In the last three decades, increasing complexity has been the rule, not the exception. For the average person, assistance for decision-making will be a required and growing aspect of financial security for everyone, not just the wealthy. Coaching and advice for this purpose will be delivered by Myfinancialadvice and its imitators using the web. There is no other effective way.

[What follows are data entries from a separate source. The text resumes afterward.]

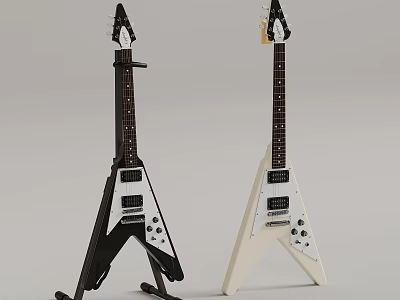 Black White Electric Guitars And Art Supplies With Paintbrushes On 3d model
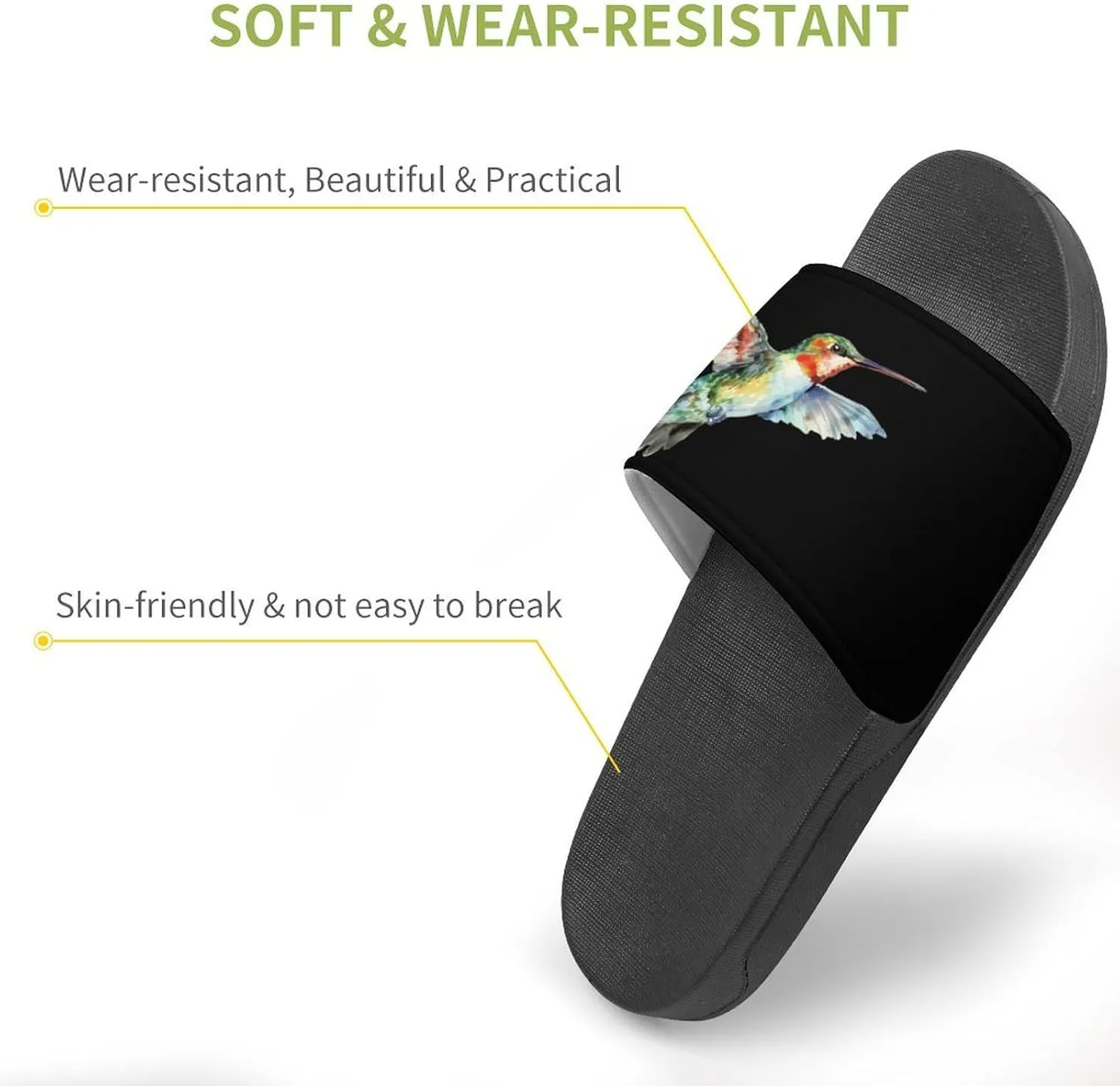 Watercolor Hummingbird Funny Slippers Shower Home House Shoes Non Slip Soft Sole Shoe For Men Women Bathroom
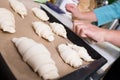 Raw croissants ready to bake. Pastry chef making croissants Royalty Free Stock Photo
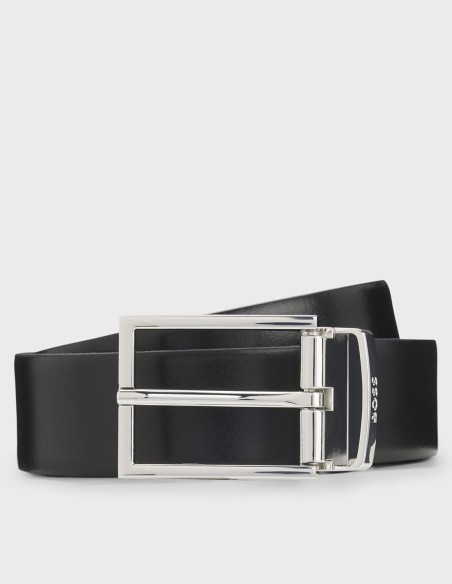 REVERSIBLE LEATHER BELT WITH TWO TEXTURES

Myfinancialadvice delivers comprehensive financial advisors, in person, wherever they are needed whenever they are needed, virtually. With packaging of component advice sessions and certification of advisors on the specifics of individual employers’ benefits, MFA can provide the help workers need. Successful MFA deployments have demonstrated over the last fourteen months that MFA can deliver effectively and scaleably through the web. MFA has attracted the support of major benefits consulting firms, major carriers, major employers and the professional associations whose advisors will populate consumer deployments. The testing is over. It is time to ramp and help everyone. There is no reason to tiptoe any longer.